╭──

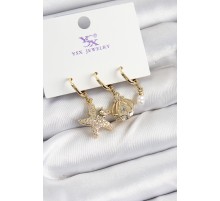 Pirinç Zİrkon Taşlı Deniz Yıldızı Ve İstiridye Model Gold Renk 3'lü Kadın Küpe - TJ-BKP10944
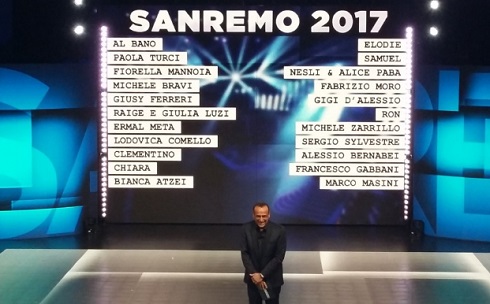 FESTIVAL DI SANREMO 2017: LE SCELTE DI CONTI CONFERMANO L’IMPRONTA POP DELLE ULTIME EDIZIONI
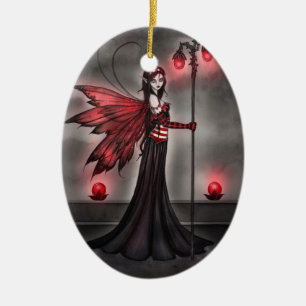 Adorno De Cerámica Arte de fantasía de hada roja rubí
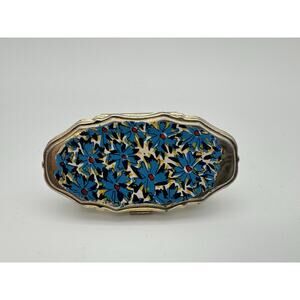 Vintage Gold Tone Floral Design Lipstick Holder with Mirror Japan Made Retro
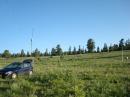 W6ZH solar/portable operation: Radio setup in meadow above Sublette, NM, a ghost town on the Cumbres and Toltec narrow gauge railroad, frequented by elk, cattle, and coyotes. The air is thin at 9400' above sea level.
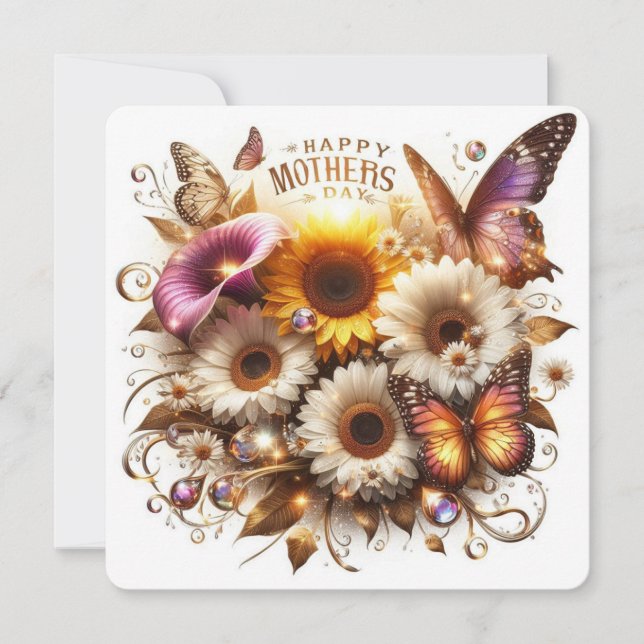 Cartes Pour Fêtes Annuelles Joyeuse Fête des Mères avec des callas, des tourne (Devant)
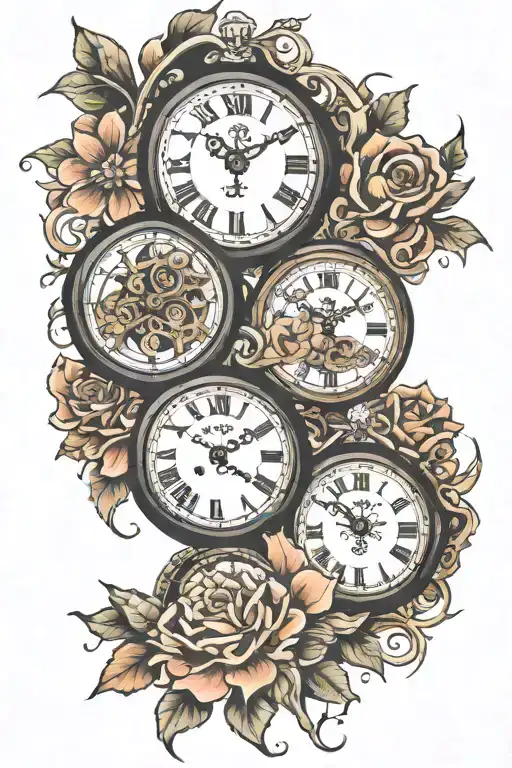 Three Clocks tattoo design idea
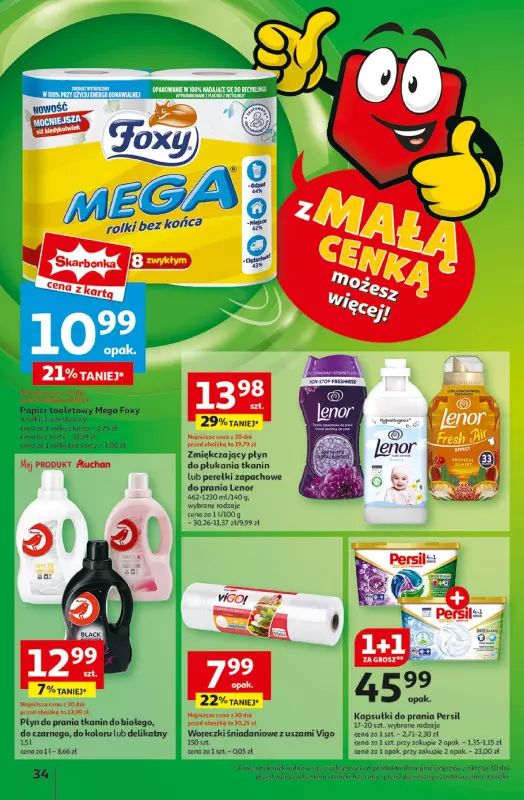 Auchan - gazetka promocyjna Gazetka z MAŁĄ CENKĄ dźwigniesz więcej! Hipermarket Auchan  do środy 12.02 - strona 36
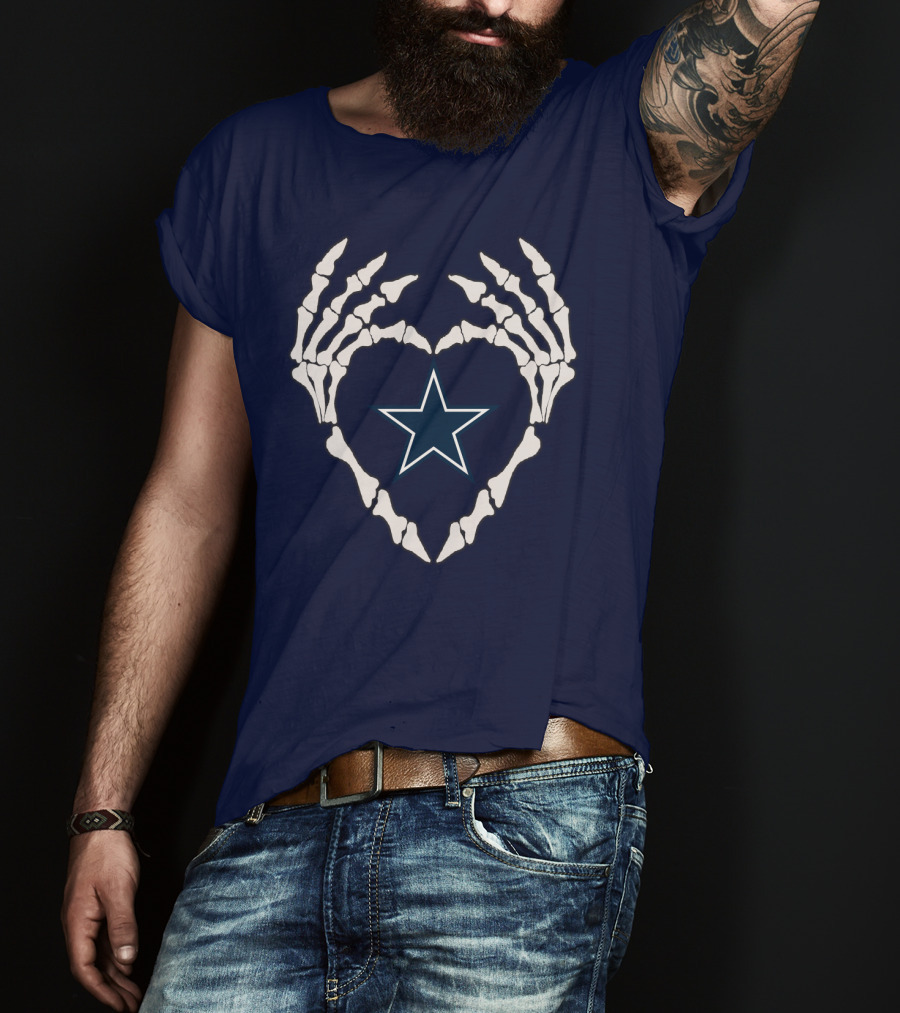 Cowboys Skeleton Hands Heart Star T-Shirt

╰──

TASK OBJECTIVE
The listing above is to be retyped word for word, with the pictures omitted.

SOLVED EXERCISE
 Pirinç Zİrkon Taşlı Deniz Yıldızı Ve İstiridye Model Gold Renk 3'lü Kadın Küpe - TJ-BKP10944
 FESTIVAL DI SANREMO 2017: LE SCELTE DI CONTI CONFERMANO L’IMPRONTA POP DELLE ULTIME EDIZIONI
 Adorno De Cerámica Arte de fantasía de hada roja rubí
 Vintage Gold Tone Floral Design Lipstick Holder with Mirror Japan Made Retro
 W6ZH solar/portable operation: Radio setup in meadow above Sublette, NM, a ghost town on the Cumbres and Toltec narrow gauge railroad, frequented by elk, cattle, and coyotes. The air is thin at 9400' above sea level.
 Cartes Pour Fêtes Annuelles Joyeuse Fête des Mères avec des callas, des tourne (Devant)
 Three Clocks tattoo design idea
 Auchan - gazetka promocyjna Gazetka z MAŁĄ CENKĄ dźwigniesz więcej! Hipermarket Auchan  do środy 12.02 - strona 36
 Cowboys Skeleton Hands Heart Star T-Shirt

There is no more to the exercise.